Kill Them All is the latest graphic novel by acclaimed cartoonist Kyle Starks (Rock Candy Mountain, Rick and Morty) with colors by Luigi Anderson. A humorous homage to 90s action movies, it is, in many ways, the spiritual sequel to Starks’ own Sexcastle, itself an homage to 80s action movies. Is it good?
When I reviewed Sexcastle a few years ago, one of my only complaints was that I wanted more of it. While Starks certainly wears his influences on his sleeve in that graphic novel, his style remained firmly his own, and I couldn’t wait to read another comic in which he would take a similar approach. Kill Them All appears to have been the answer to those prayers.
Taking place in the modern day, Kill Them All brings _Sexcastle_’s 80s action movie roots to the next decade, with some Kill Bill and a whole lot of Die Hard thrown in for good measure. The plot might seem familiar to genre fans, too, as it follows a betrayed assassin as she fights her way up to the top of a tower for revenge against a powerful, corrupt organization, joined by a disgraced ex-cop and his affable detective friend with a hook for a hand.
That’s about all the plot summary you’re going to get in this review, because part of the joy of this comic is seeing how much mileage Starks is able to get from employing such simple archetypes and storytelling tropes. There are definitely going to be a few genuinely surprising twists.
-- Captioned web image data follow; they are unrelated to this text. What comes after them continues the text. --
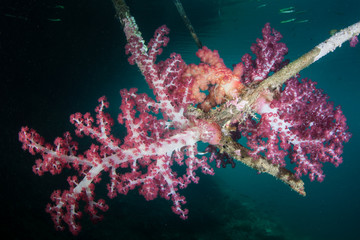 Fototapeta na wymiar Soft Corals on Submerged Branches in Raja Ampat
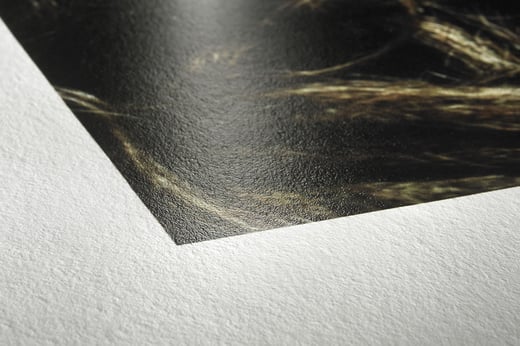 Hahnemühle Photo Rag® Baryta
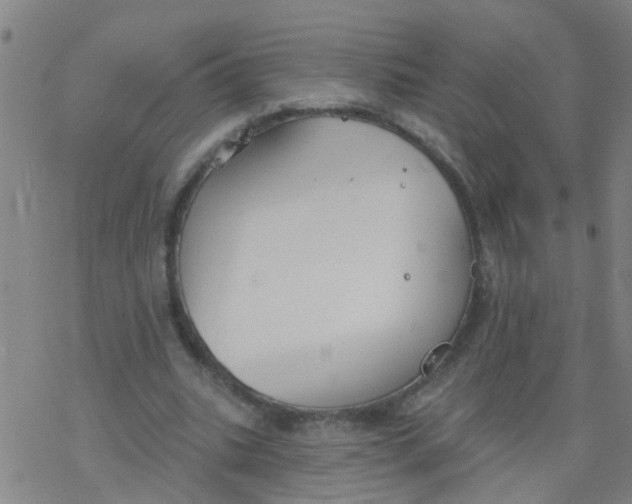 X0000077400535200611101822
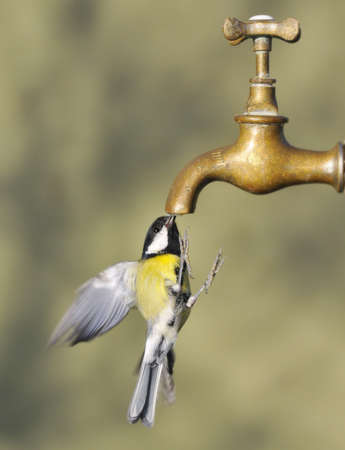 Bird flight drinking from a tapの写真素材
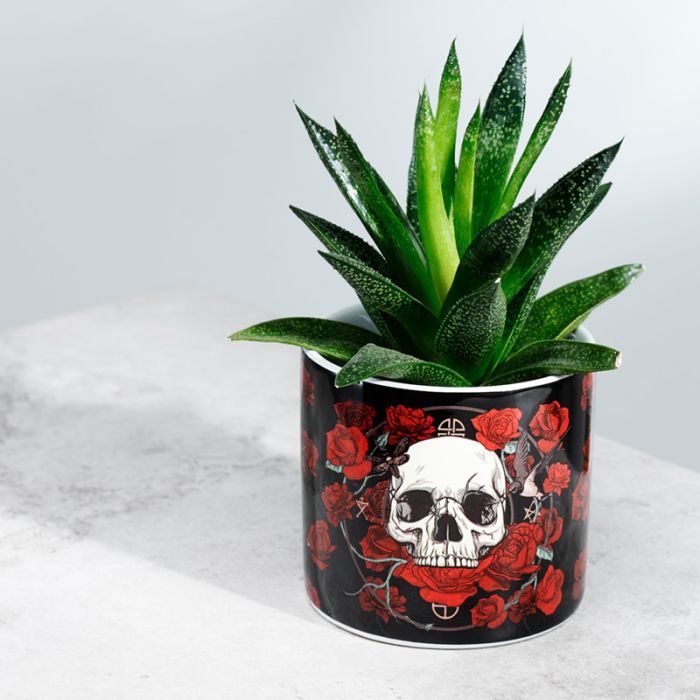Pot en Céramique pour Plante d'Intérieur Skulls & Roses (Petit)
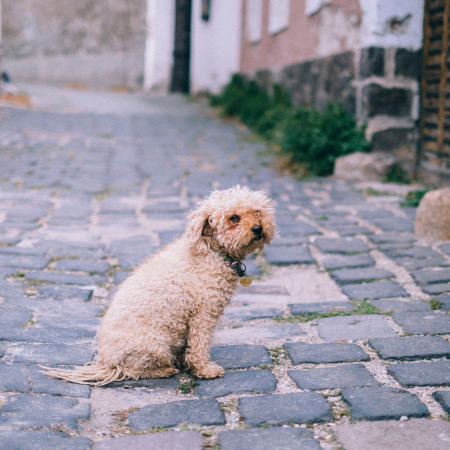 shaggy tan dog with a leash and collar alone in the middle of a street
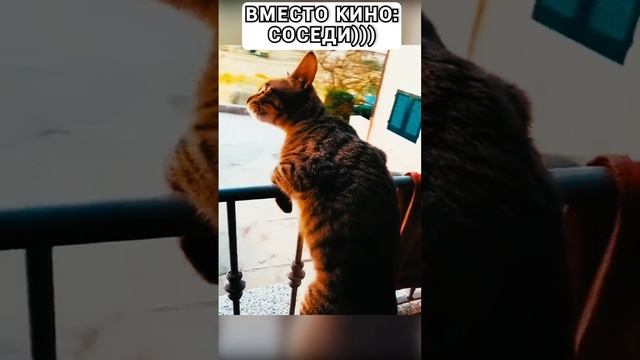 соседи вместо кинотеатра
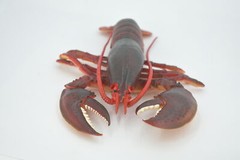 Life Size Model Lobster Realistic Hard Rubber Educational Model 9″ F4070 B91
Besides, Kill Them All is an excellent example of why “style over substance” isn’t necessarily always a bad thing. If hilarious one-liners (“Those were my warm-up guns. These are my game-time guns.”), innovative action sequences (just wait until you see how Detective Ikura deals with a pesky machine gun), and a car full of guns called a “carsenal” (I’m trying really hard not to give away too many effortlessly brilliant moments like that one) doesn’t sound appealing to you, I don’t know what to tell you.
Part of what makes the comic work as well as it does, of course, is Starks’ cartooning skills. There is such a fluidity to these fight scenes that it almost makes me angry that so few other artists, including those with critical acclaim and high-profile work with the Big 2, are anywhere near Starks’ level when it comes to exciting fight scenes that don’t sacrifice clarity for impact. The fact that his style is such a departure from the kind of quasi-realism that many comic book readers are so used to does not detract from its quality at all, and even if you did have to take away some imaginary artist points, he’d more than make up for it by being so damn charming.
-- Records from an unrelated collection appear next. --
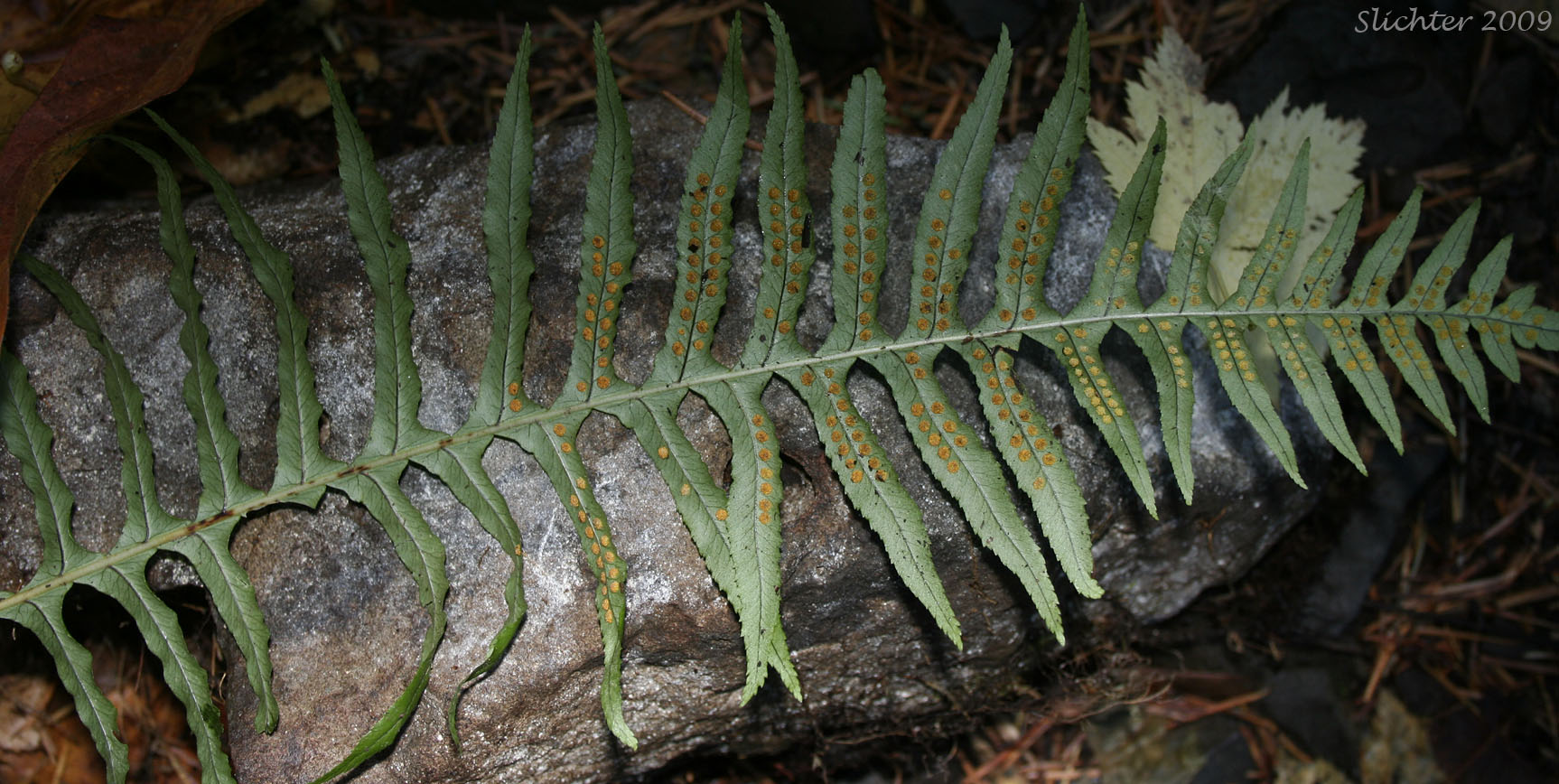 Ventral frond surface of Licorice Fern: Polypodium glycyrrhiza (Synonyms: Polypodium aleuticum, Polypodium falcatum, Polypodium occidentale, Polypodium vulgare var. falcatum, Polypodium vulgare var. occidentale)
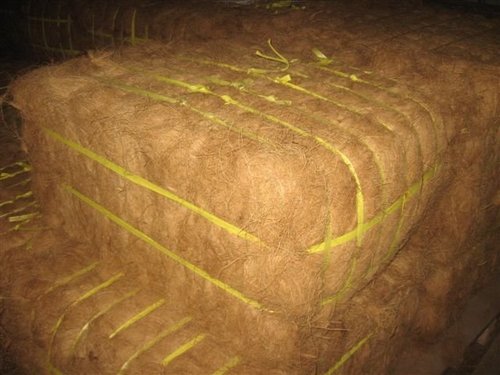 Coconut Fiber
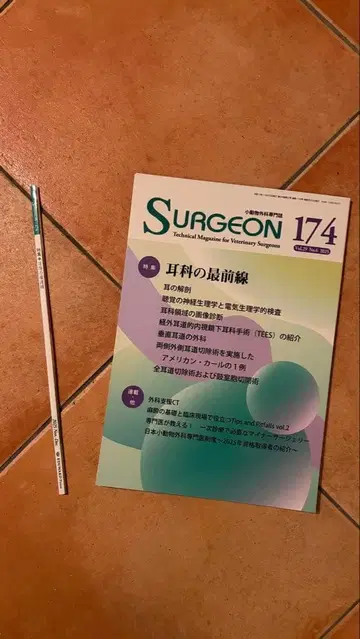 SURGEON 174 이비인후과의 최전선 이비인후과 영역의 이미지 진단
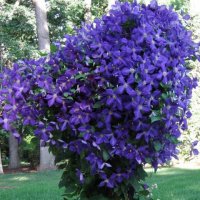 Клематис Джекмана Суперба, «королева цветущих лиан» :: Валерий Кокорев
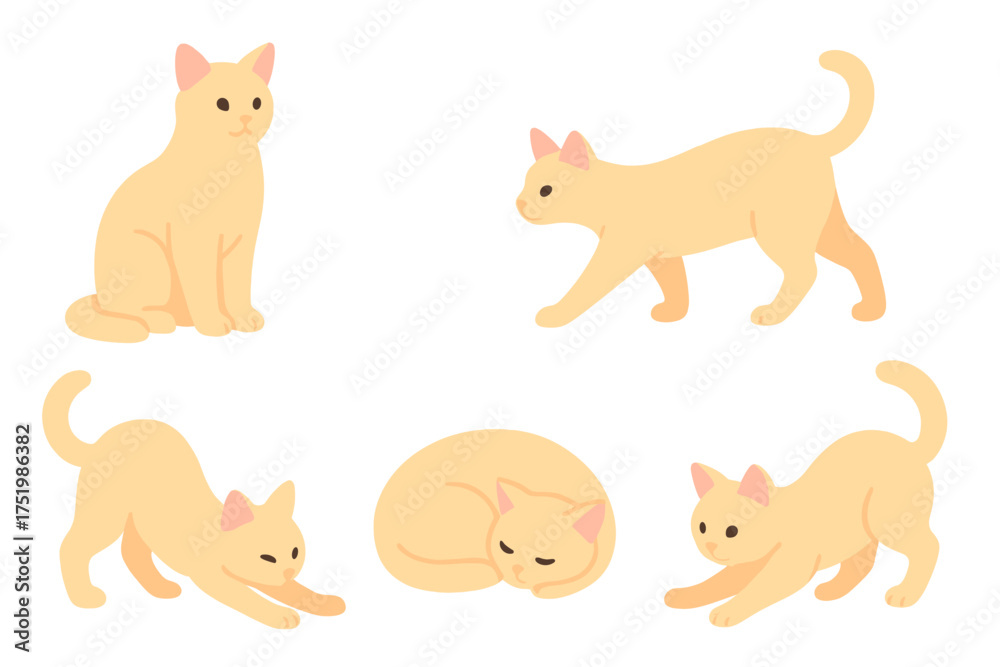 Obraz premium Five adorable light orange cats in various poses sitting walking stretching and sleeping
Even Starks’ lettering is effective, clean, and quite often delightful. Just wait until you see the definition of the word “babe” spelled out.
In a departure from the black-and-white Sexcastle, Starks brings on a colorist for Kill Them All in the form of Luigi Anderson. While I’m confident that this could have still been an excellent graphic novel in monochrome, Anderson does an excellent job of keeping his palette simple and never distracting. The muted tones serve mostly to add atmosphere and mood, which is not as easy to convey without color.
Regardless of your familiarity with Starks’ previous work, or even with the action genre in general, you’re bound to have a good time with Kill Them All. Even so, it’s a shame that for as much as a spiritual successor to Sexcastle is exactly what I wanted and was happy to see, the result still finds itself partially obscured by the predecessor’s shadow. This newer comic stands out on its own just fine, make no mistake, but even as it does some new things and shows off Starks’ growth as a cartoonist, it doesn’t feel quite as fresh, funny, or energetic. It’s still all those things, but it’s a tiny bit less magical in the way that so many other sequels are, spiritual or otherwise.
Don’t let that stop you from giving this a read, though. If you’re the kind of person who enjoys well-choreographed action and smiles at slapstick violence, it doesn’t get much better than this.
Is it good?
Kyle Starks makes his brand of badass seem so effortless that it’s almost infuriating. Kill Them All may not be particularly ambitious, but it’s well-crafted, inspired, and deeply enjoyable.